I love telling our love story. I love the way I can look back and see God's hand all over it.
Before I begin, though, I must start out by saying we are not perfect people. We are both very stubborn individuals who most of the time think we are right. Our core values are the same, we both love the same God, we both believe the same politically and we love our family. I tend to run my mouth while he thinks about what he wants to say before he says it. I tend to yell, this makes him crazy. We both love Mexican food, but I can't get him to eat Asian food to save my life (even on my birthday.) My healthy ways drive him nuts and I wish he would quit dipping snuff. See, no perfection here.
But lets back up about 16 years when we were both under the illusion that the other had descended from heaven on the wings of a snow white dove...ahhh. Those were the good old days. You remember them right? Those first few glances at each other in hopes that the person sitting across from you felt the same. And knowing beyond all certainty that you had found your one true love who would make all your dreams come true.
Fast forward 9 months and R's back in the office; this time ready to ask me if I would like to go on a date. I still remember the red GAP sweatshirt I was wearing that day (I still have it btw) and I'm pretty sure my face turned as red as that sweater. I said 'yes' we went out to eat and to a movie. For the life of me I can't remember what movie we saw. I do remember our second date the next night. We went to see Braveheart. I remember going to the bathroom, looking in the mirror and thinking, "I can't do this. I'm not ready for another relationship."

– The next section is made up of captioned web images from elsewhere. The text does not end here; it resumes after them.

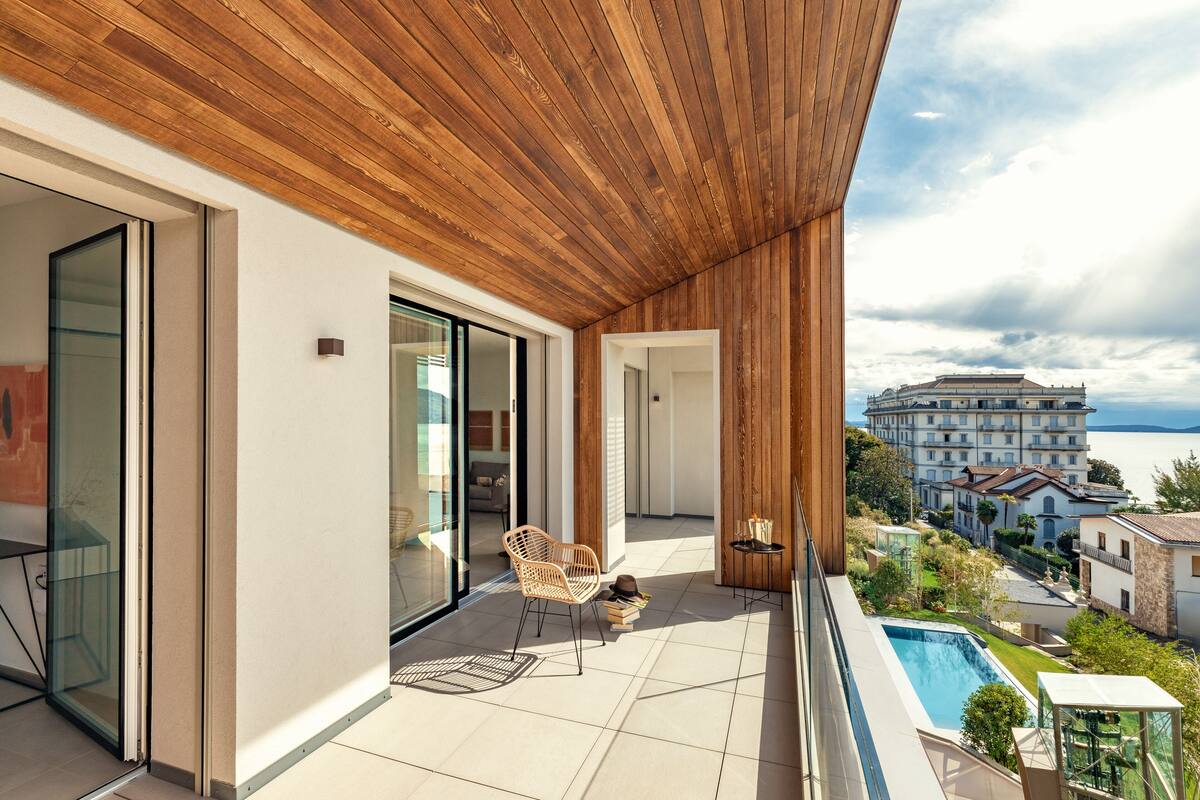 Een modern balkon met een houten plafond, een glazen deur die naar een kamer leidt, een rieten stoel, een klein tafeltje met boeken en een hoed, en een zwembadgedeelte met uitzicht op een groot gebouw en de zee.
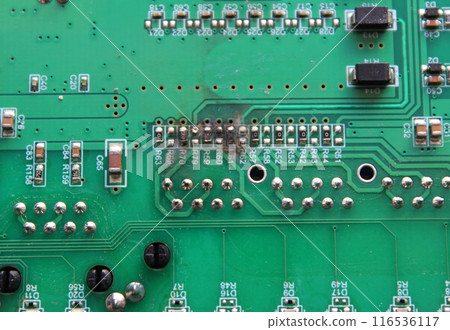 Electronic board with numbered burnt out silver pins texture background Electronic board with numbered burnt out silver pins texture background 116536117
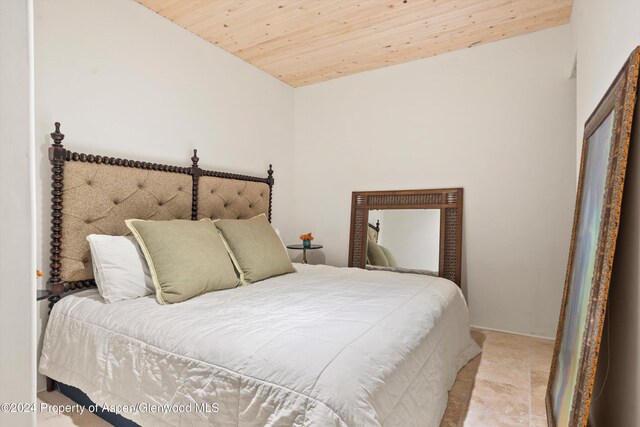 bedroom featuring wooden ceiling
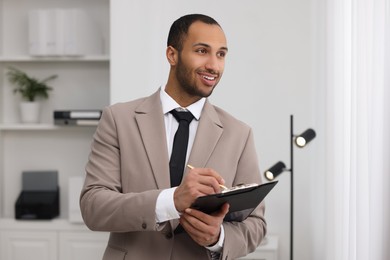 Photo of Smiling young man with clipboard writing notes in office. Lawyer, businessman, accountant or manager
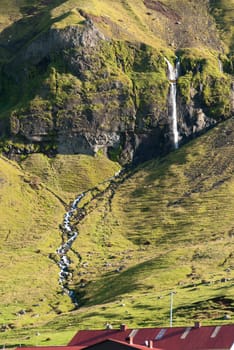 farm and waterfall in the mountains of Iceland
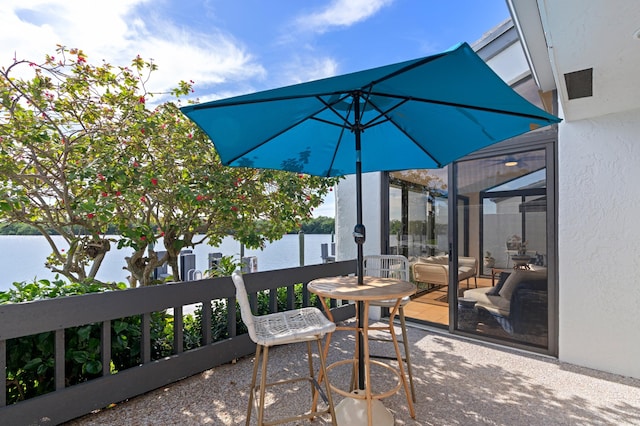 view of patio featuring a balcony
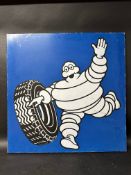 A large Michelin single sided enamel sign depicting Mr Bibendum rolling a tyre ,made in France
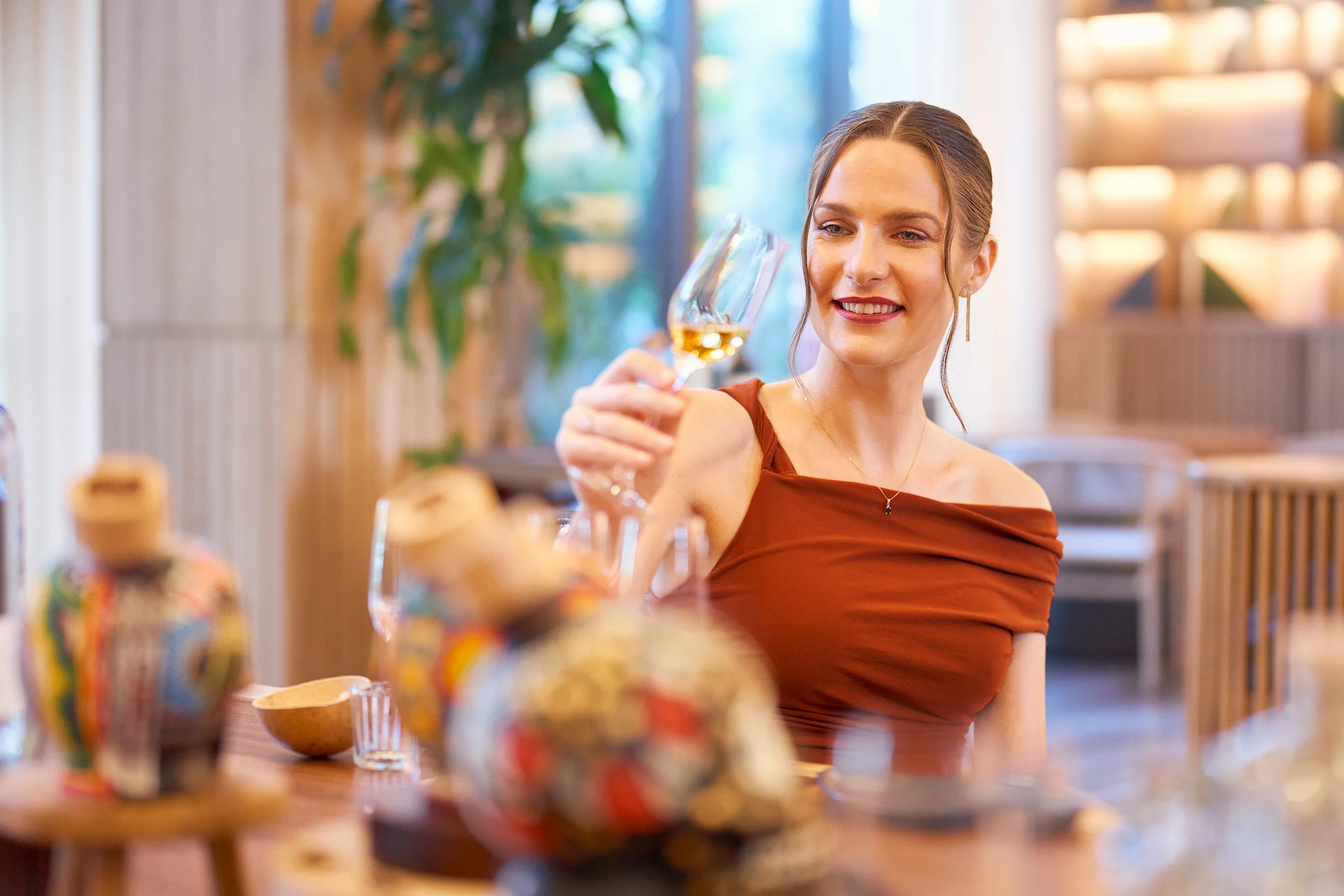 An elegant woman enjoying a glass of champagne at Waldorf Astoria, exuding sophistication.
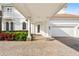Elegant home exterior with covered entry and paver driveway at 9343 Tibet Pointe Cir, Windermere, FL 34786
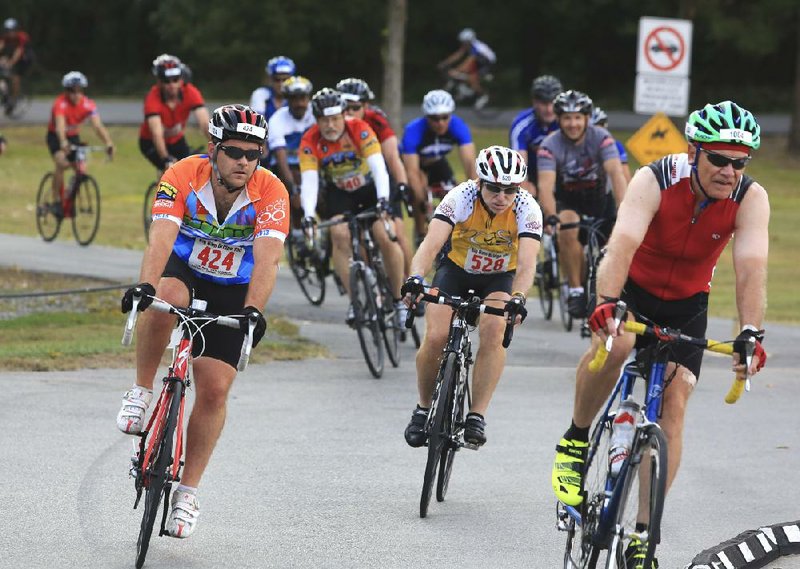 Arkansas Democrat-Gazette/RICK MCFARLAND --09/28/13--  Cyclists riding in the Big Dam Bridge 100 navaigate some curves on the route through Cooks Landing in North Little Rock Saturday. Riders could register to ride 15 to 100 miles in the event.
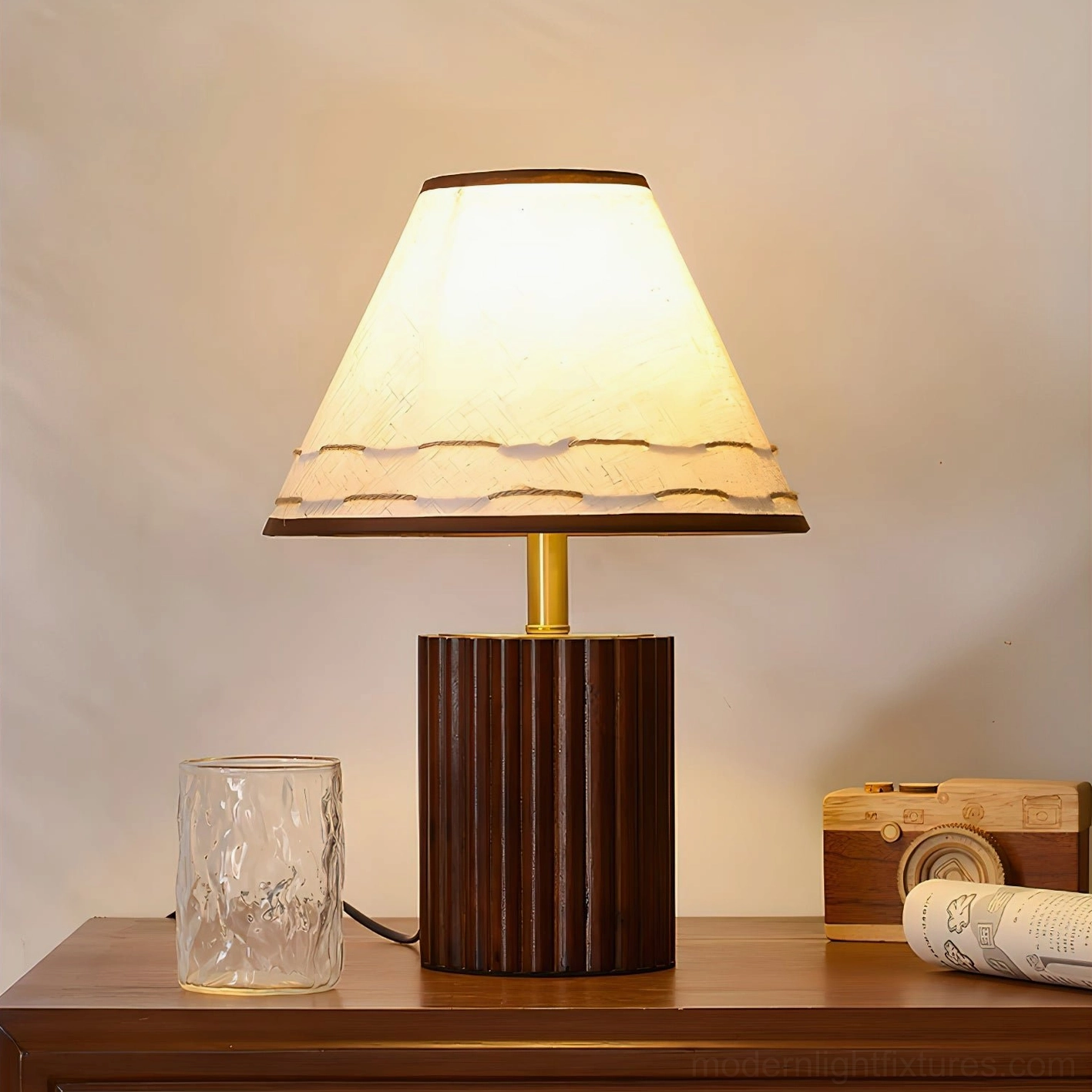 Natural wood table lamp with fluted cylindrical base on vintage wooden side table with decorative props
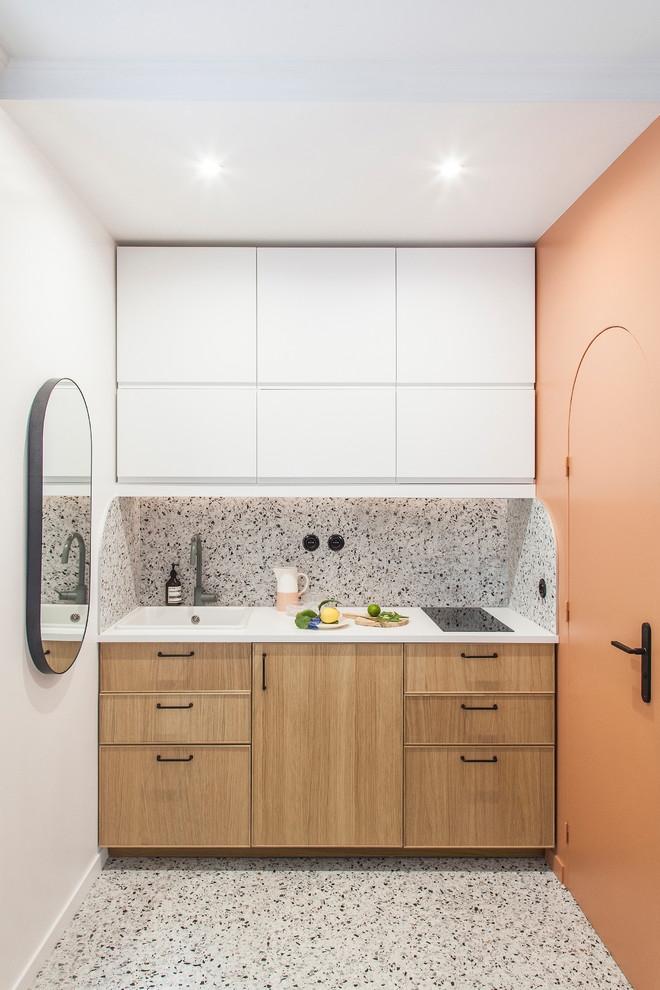 Photo of a small modern single-wall open plan kitchen in Paris with a single-bowl sink, beaded cabinets, light wood cabinets, laminate countertops, multi-coloured splashback, ceramic splashback, integrated appliances, terrazzo flooring, multi-coloured floors and white worktops.
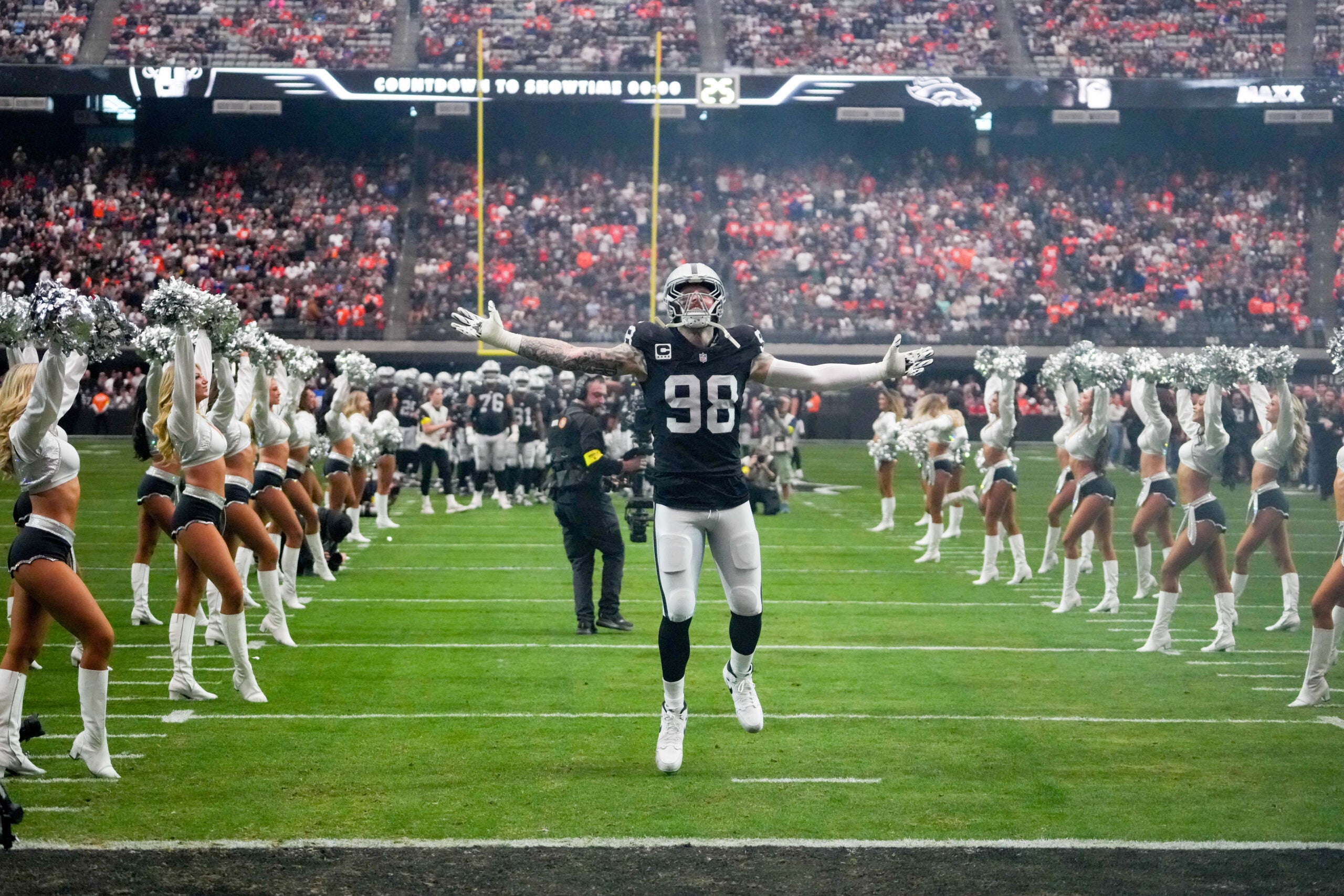 Dec 7, 2025; Paradise, Nevada, USA; Las Vegas Raiders defensive end Maxx Crosby (98) takes the field prior to a game against the Denver Broncos at Allegiant Stadium.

Five months and many phone calls later, R finally told me he was done. If I wanted to talk to him, I could call him. Fine by me, or so I thought. That summer my sister and I moved from a house to an apartment and needed help moving the fridge. Here's what she said to me, " You know you could call R and get him to help us move the fridge. He has called you and wants to be your friend; you never call him back. You just don't treat your friends that way." So I started feeling bad for the way I was treating him and decided to call. I don't know why, but he said he would help us. I fell in love while watching him move a fridge...
I watched every step he took and saw something I had overlooked before. I saw someone who was willing to help me even after I had treated him like pooh. I saw a take charge, organized, "get it done" kind of guy. To this day he is the same person. When he decides to do something, he finds a way to make it happen. On that late summer evening back in 1996 with a refrigerator in between us, I knew he was the one for me.
|This picture was taken a few days after we were engaged|
Today we celebrate our 15th wedding anniversary. We'll be celebrating our big day on the practice field tonight with 17 boys who are trying to grasp the game of football. R on the field, me on the sidelines. This weekend we will go out to eat, I'll probably remind him of those first few days, of his persistence and my resistance and he'll joke about how the last 15 years seem like 150 (he thinks he's funny.)
|Our wedding ~ September 6, 1997|
I truly believe I married the man God put on this earth for me. We're not perfect, we drive each other crazy alot of the time but we have built a life together and I am so thankful for that.